━━━ Records provided
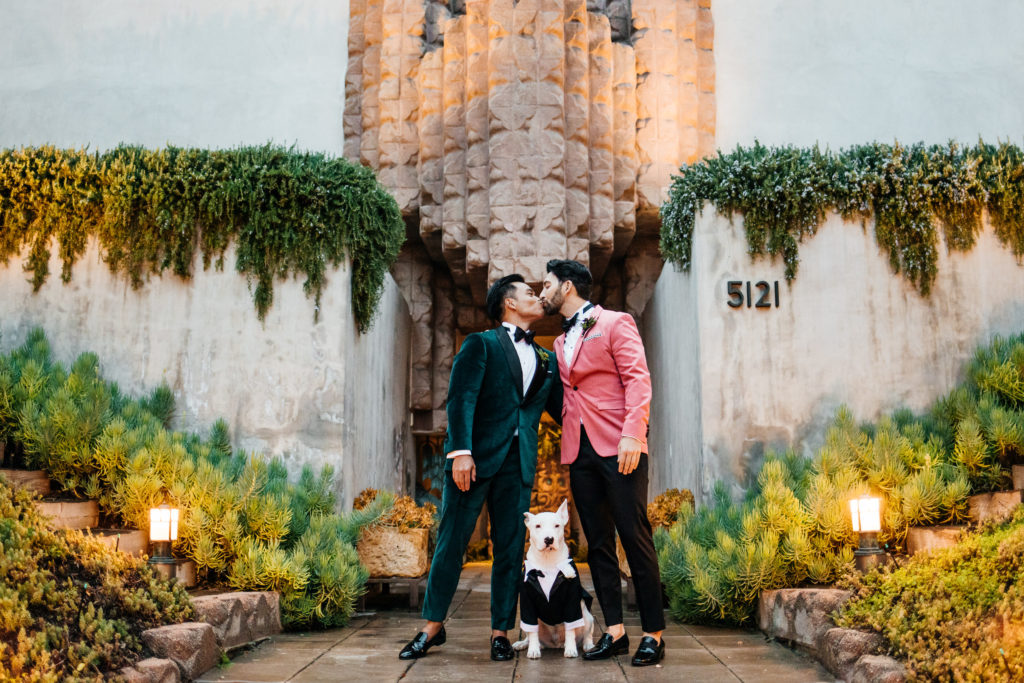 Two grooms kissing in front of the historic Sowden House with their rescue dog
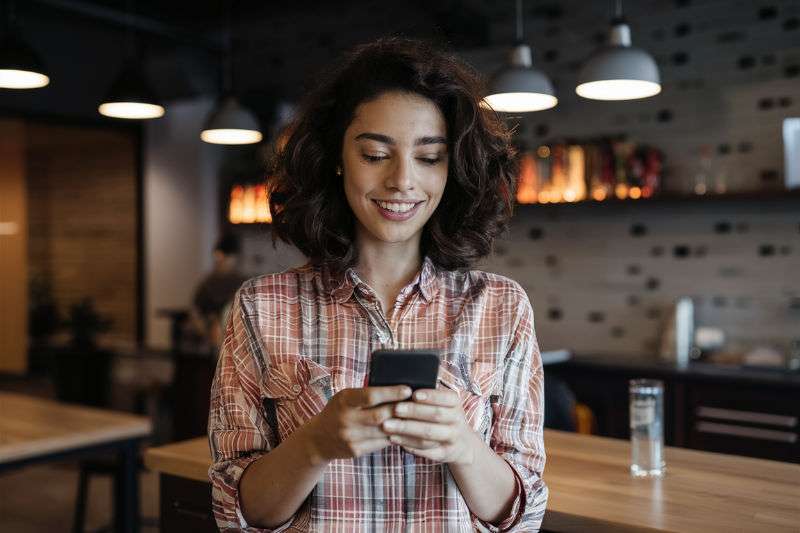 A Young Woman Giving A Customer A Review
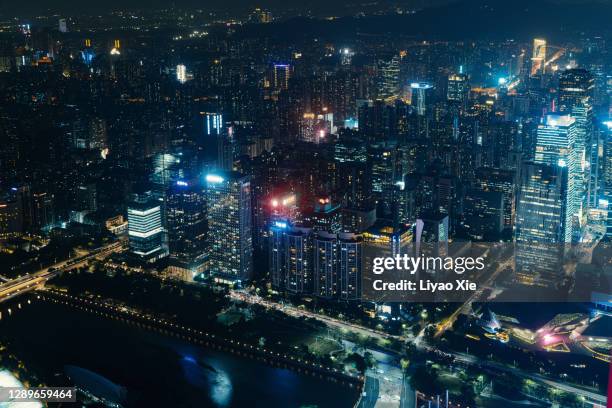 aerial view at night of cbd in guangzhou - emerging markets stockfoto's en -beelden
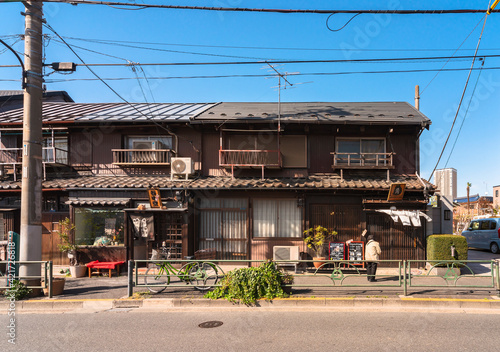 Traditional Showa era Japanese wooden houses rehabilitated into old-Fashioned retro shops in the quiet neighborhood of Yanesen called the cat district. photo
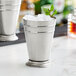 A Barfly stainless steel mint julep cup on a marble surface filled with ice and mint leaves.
━━━━━━
**What the exercise asks**:
Reproduce every line above word for word; no images.

**Answer to this task**:
 Two grooms kissing in front of the historic Sowden House with their rescue dog
 A Young Woman Giving A Customer A Review
 aerial view at night of cbd in guangzhou - emerging markets stockfoto's en -beelden
 Traditional Showa era Japanese wooden houses rehabilitated into old-Fashioned retro shops in the quiet neighborhood of Yanesen called the cat district. photo
 A Barfly stainless steel mint julep cup on a marble surface filled with ice and mint leaves.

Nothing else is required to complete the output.